Пока же в качестве юного московского обывателя, живя в нашей квартире, в одном из больших московских домов в Хлебном переулке, я изредка выполнял общественные очередные дежурства по ночам в парадном подъезде, у запертой стеклянной двери, прислушиваясь к ночной ружейной и артиллерийской перестрелке.

День мы проводили в коридоре квартиры, где была устроена столовая, так как у окон находиться было небезопасно. В наш дом попал снаряд, который пробил стену.

В квартире у нас находился гостивший знакомый прапорщик, который был уверен, что верх одержат юнкера. После победы большевиков он отсиживался еще несколько дней, так как не хотел выходить в форме офицера на улицу.

Через шесть-семь дней уличных боев стало окончательно известно об установлении советской власти.

Улицы были полны народу. Я вышел на Поварскую. По ней двигались красногвардейские патрули и стояли контрольные посты.

Проходя мимо одного из контрольных постов, я обратил внимание на то, что они пропустили меня и вдруг остановили шедшего сзади меня такого же, как я, гимназиста. Они быстро обыскали его, нашли в карманах форменной шинели стреляные патроны и задержали. Помню, как я удивился тому, что рабочие-красногвардейцы безошибочно угадали и остановили именно этого гимназиста, не обратив никакого внимания на проходивших мимо других, таких же молодых людей.

На стенах появились первые декреты за подписью В. И. Ленина. Двери гимназии и студии снова открылись передо мной, и жизнь как будто пошла своим чередом.

В гимназии многие неодобрительно отзывались о победе большевиков, передавали слова отцов, что революционная власть эта на две-три недели и что новые политические события не заставят себя ожидать.

Однако советская власть медленно, спокойно вступала в свои права. На стенах появлялись новые декреты и приказы.

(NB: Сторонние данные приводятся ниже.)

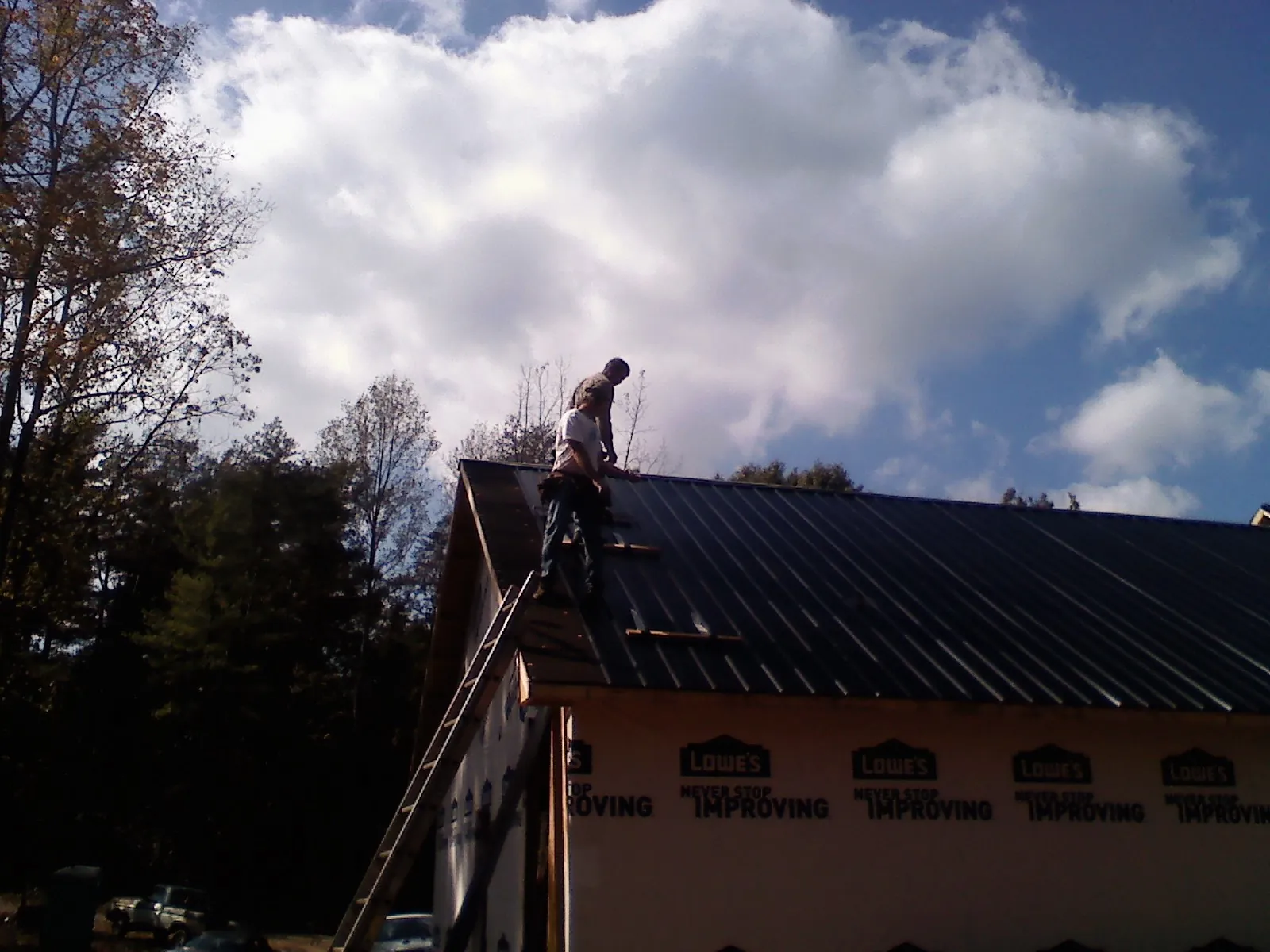 Roofer fastening dark metal panels high against a cloudy sky, from a Roof Inspection job in New Pine Creek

Как мне кажется, первый год советской власти, первая зима 1917/18 года не внесли больших изменений в жизнь того мира искусств, в котором я вращался.

По-прежнему шли в театрах те же пьесы, по-прежнему всю зиму стояли длинные столы в буржуазной «Летучей мыши». Разве только там было не так много публики, и нам, студийцам, по нашим удостоверениям давали туда контрамарки. Выходили и частные газеты, самые разнообразные, вплоть до суворинского «Вечернего времени». Выпускались юмористические «Известия Николая Смирнова-Сокольского». Оживилась деятельность разных поэтических, литературных кафе.

Однажды, идя на занятия в студию Комиссаржевского по Настасьинскому переулку, я заметил, что в одном из маленьких низких домов, где помещалась раньше прачечная или какая-то мастерская, копошатся люди. В помещении шел ремонт. Проходя на следующий день, я обратил внимание, что ремонт шел какой-то необычный. Странно одетые люди, не похожие на рабочих, ходили с кистями по помещению и мазали или рисовали на стенах. Я подошел поближе и приплюснул нос к оконному стеклу. Были ли стены расписаны футуристической мазней или только грунтовались зигзагами и полосами, трудно было разобрать. Двое «маляров» подошли с кистями к окну и начали мне делать какие-то знаки. Один был большого роста, другой, коренастый, – поменьше. О чем они спрашивали меня, я не мог расслышать за окошком, но, по-видимому, они спрашивали меня, нравится ли мне их работа.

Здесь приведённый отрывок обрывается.